クラッチレリーズシリンダーのオーバーホール!!
ミッションおろしてクラッチ板、ベアリング、フラホ・パイロットベアリング、クランクシール交換!!
フロント足回り全バラ後、ナックル・タイロッドダストシール交換!!
フロントブレーキキャリパーのオーバーホール!!
クラッチ・マスターシリンダーのオーバーホール!!
ブレーキ・マスターシリンダーのオーバーホール!!

・・・・平たく言えば今日1日の治療によってほぼ新車になったといっても過言ではないらしい。よかったね。

「もうね、なんといっても感動したのが、その丁寧さなのね。例えばね、ネジを締めるときもきちんとトルクレンチで計って締める。ここは15ニュートンで締めましょうとかって決まってるのね。強く締めりゃいいってもんじゃない。でもディーラーでも馬鹿力で締め上げたりする。そこをきちんと計って締める。その意味を知っているから。
 それにね、外した部品をピカピカに掃除してから組むの。しかも全部素手で触るんだよ。もうオイルで真っ黒だよ。すーーーっと指でなでて、「指の腹でものを見る」ってこういう事なんだと思ったね。」

 プロは、「機械は生き物だから」と言う。
 メンテナンスの出来が、シビアな結果となって現れるレースの世界では当然のことだと。

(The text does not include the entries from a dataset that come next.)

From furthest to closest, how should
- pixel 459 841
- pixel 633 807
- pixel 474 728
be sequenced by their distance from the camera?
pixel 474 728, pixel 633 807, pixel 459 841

 「プロの中でも、本当に車が好きな人ってもしかしたら少ないのかもしれない。
 車が好きって、こういうことなのかと今回思ったのね。
 それは、ピアノを弾く才能と一緒だってこと。
 頭の中に流れている音楽を再現する、弾くまえからその曲がすでに頭の中で鳴っている。
メカニックにもそういう適正というか、才能があるんだと思った。
 あの人たちの頭の中には、車がぜんぶ手に取るように見えてるんだと思う。」

それは、もうきっと愛だ。

 「ほんとうに、幸せな故障だった。」

 兄A氏は、夢を見ていたような顔でうっとりと語り終えた。